(Data for processing)
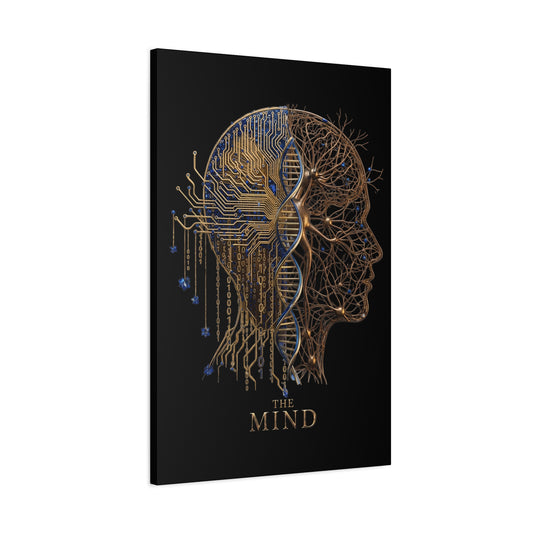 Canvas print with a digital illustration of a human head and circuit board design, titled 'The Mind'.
(End Data for processing)
(Data for processing)
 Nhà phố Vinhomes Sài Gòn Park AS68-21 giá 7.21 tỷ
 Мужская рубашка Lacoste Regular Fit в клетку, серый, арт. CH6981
(End Data for processing)
Using the records above, restate word for word the lines from the one with "Nhà phố Vinhomes" through the one with "Мужская рубашка Lacoste", both included.

Exercise solution
 Nhà phố Vinhomes Sài Gòn Park AS68-21 giá 7.21 tỷ
 Мужская рубашка Lacoste Regular Fit в клетку, серый, арт. CH6981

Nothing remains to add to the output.